They had one at their table at NWFF. I asked about it, they said they hadn't checked into shipping, but guessed it would be around $15-$20 to ship a single cage.


----------



## RSines (Feb 15, 2004)

Hey,
Have you checked out http://www.mdcustom.com/ 
I wasn't all that impressed with their product, but Sean Stewart uses their stuff. I would try and work with them directly and get exactly what you want. 

-Richard


----------



## RSines (Feb 15, 2004)

I just checked the site. 16x16x16 is $125. I guess that is who you were speaking about originally. :lol: 

Anyway, that price is ridiclous. 

Have you seen the dart specific tanks at understory??
They look very nice. 

-Richard


----------



## Guest (Aug 9, 2004)

Are there any AZDR prices & pics floating around?


----------



## Guest (Aug 9, 2004)

tuthelimit said:


> Hey,
> Have you checked out http://www.mdcustom.com/
> I wasn't all that impressed with their product, but Sean Stewart uses their stuff. I would try and work with them directly and get exactly what you want.
> 
> -Richard


Thats the local guy I was talking about. His prices are way out there. I got a quote from him for a 16" cube and it was way too expensive. Interior volume for that tank is a little over 17 gallons, and I could get an oceanic 30 gallon cube for just a little more money. I think he is used to dealing with people willing to drop that kind of money on an enclosure for a several thousand dollar snake. I sent off an email to azdr and we shall see what they say.


----------



## Arklier (Mar 1, 2004)

The one at NWFF looked to be about 15" x 15" and was priced at $90.

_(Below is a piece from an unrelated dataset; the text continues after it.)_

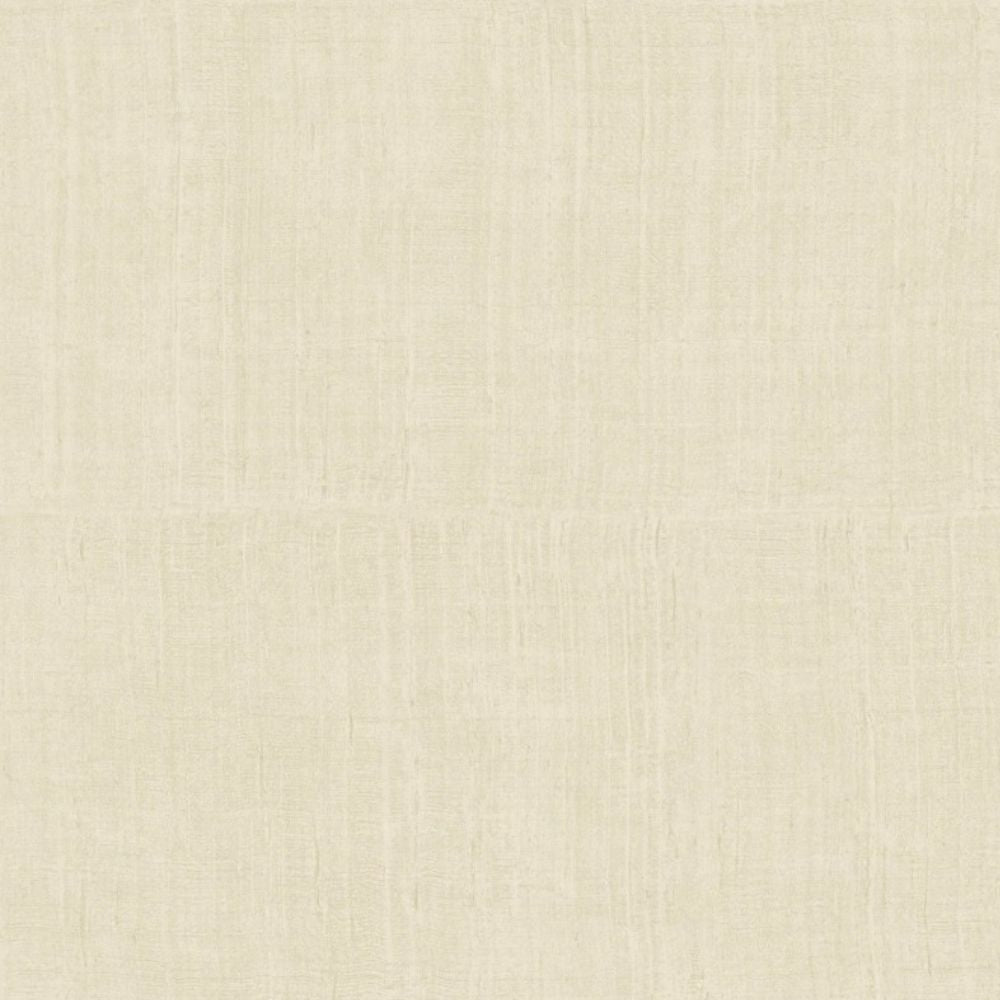ARTE Tekstura Ignis Katan Silk Tapeta jak płótno A11520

It was drilled, had a spout, and came with the spacers and thick plastic sewing screen where there would normally be egg crate. Those ones that they sell with yarn in kits.


----------



## kyle1745 (Feb 15, 2004)

All I can say is build your own... Its so easy, I've been thinking about selling some of the ones I have made, but just have not had time to build any more.


----------



## Guest (Aug 9, 2004)

I don't know Kyle. After sitting in my bathtub drilling glass for hours, making 2 trips to the glass store for front pieces because 1/8" doesnt mean 3/16", getting silicone in my hair while sealing, and fearing that one day the whole setup is going to blow out, pouring leca, plant, and frog all over the nice hardwood floors, $90 doesn't sound that bad


----------



## RSines (Feb 15, 2004)

Kyle,
Do you think it would be difficult to modify your idea, making the design more European? I think I may fool with it this semester. I am becoming a fan of the sliding doors.


----------



## kyle1745 (Feb 15, 2004)

I've been trying think of ways to get my cost down, but so far the glass is the hold back. Its just not cheap.

And yes I know what you mean.



hicksonj said:


> I don't know Kyle. After sitting in my bathtub drilling glass for hours, making 2 trips to the glass store for front pieces because 1/8" doesnt mean 3/16", getting silicone in my hair while sealing, and fearing that one day the whole setup is going to blow out, pouring leca, plant, and frog all over the nice hardwood floors, $90 doesn't sound that bad


----------



## Guest (Aug 9, 2004)

kyle1745 said:


> All I can say is build your own... Its so easy, I've been thinking about selling some of the ones I have made, but just have not had time to build any more.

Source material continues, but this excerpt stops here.